In the past year, nine cities and two states have been impacted by new legislation that requires energy reporting for buildings that meet certain qualifications. In an effort to drive down energy consumption and promote sustainability, several of the new ordinances require reporting through ENERGY STAR®. This trend is expected to continue, with several additional cities and multiple states expressing interest or considering similar requirements.
In San Francisco, reporting alone is no longer enough as the city requires energy audits as part of a recently passed ordinance. Some engineering services firms offer energy audits as the first step. They have found average savings opportunities of over 20% of annual utility spend, providing clients with significant energy efficiency opportunities.
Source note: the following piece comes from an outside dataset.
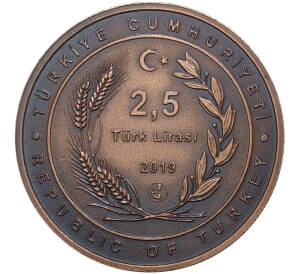 2,5 лиры 2019 года Турция — Сеид Насими (с сертификатом) — Фото №2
Qualifications for Auditors
The Energy Efficiency Auditor responsible for the Energy Efficiency Audit Report and Confirmation of Energy Audit must possess experience in energy efficiency audits or commissioning of existing buildings, and either a license or recognized certification in energy efficiency evaluations. The industry has not adopted a single standard certification or qualification for energy audit services. To be as flexible as possible, a wide range of energy auditor credentials are recognized as acceptable for compliance with the ordinance.
Overview of the Audit
The complexity of an energy audit and the potential for savings vary with the size, intricacy, and use of a building. The city requires owners of buildings to Benchmark by April 1 of each year.
Building Size Benchmark Deadline
> 50,000 SF October 1, 2011
> 25,000 SF April 1, 2012
> 10,000 SF April 1, 2013
The ordinance also requires that an energy audit be performed on the building every five years. The schedule for building audits is as follows:
Due Date Audit
November 15, 2012 – Confirmation of audit due for initial group of buildings, approximately 1/3 of building stock.
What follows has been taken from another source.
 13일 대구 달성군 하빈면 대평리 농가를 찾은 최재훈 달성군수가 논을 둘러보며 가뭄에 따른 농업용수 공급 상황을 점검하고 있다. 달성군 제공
April 1, 2013 – Confirmation of audit due for second group of buildings, approximately 2/3 of building stock.
April 1, 2014 – Confirmation of audit due for final group of buildings
2017 and beyond – Confirmation of Energy Audit due for 20% of building stock every year.
Owners are required to:
1. Disclose when the audits were conducted
2. Affirm that the audits were conducted properly
3. Detail all retro-commissioning and retrofit measures that are available to the owner and have a payback of three years or less
4. List the estimated cost and savings of these measures
5. Indicate which have been implemented.
The auditing requirements are being phased in over a three-year period that runs into spring 2014. Unlike the energy performance summaries, only information about compliance with the audit requirement will be made public. Violation of the ordinance could result in finds of as much as $100 per day for buildings over 50,000 square feet and $50 per day for buildings under 50,000 square feet. While the new law mandates energy benchmarking, auditing and reporting of those assessments, it does not specifically require owners to make energy efficiency improvements. Early research has shown that 70% of owners who conduct audits take action to save energy costs.
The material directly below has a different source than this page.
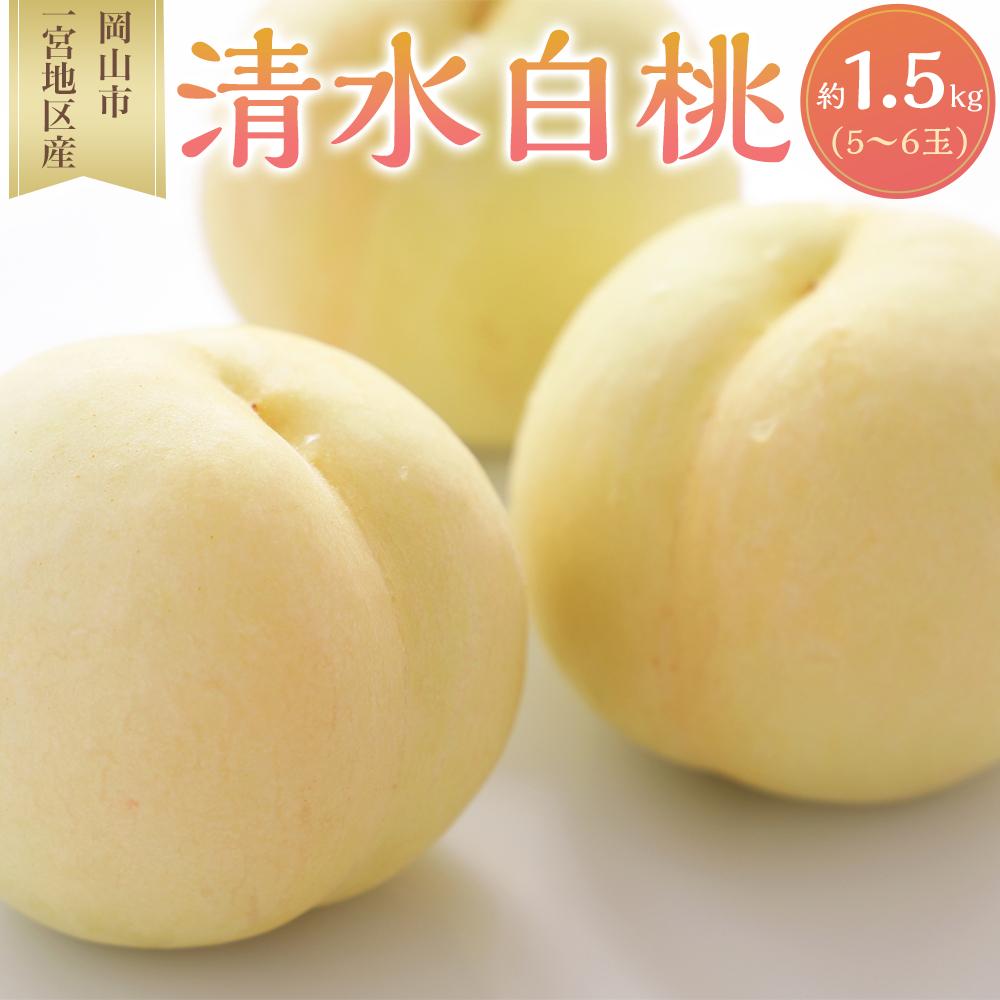 桃 2026年 清水 白桃 5～6玉入 約1.5kg 岡山市一宮地区産 もも モモ フルーツ 果物 ギフト | もも フルーツ 果物 くだもの 食品 人気 おすすめ 送料無料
Looking for financing help
Energy Upgrade California’s Bay Area Multifamily Building Enhancements offers cash rebates and free energy consulting for multifamily properties that undertake energy upgrades. The program assists in planning energy saving improvements designed to save about 10% of a building’s energy usage and provides $750 per unit in rebates to help pay for the upgrade.
The program is open to multifamily buildings with five or more attached dwelling units in the nine county Bay Area (Alameda, Contra Costa, Marin, Napa, San Francisco, San Mateo, Santa Clara, Solano, Sonoma).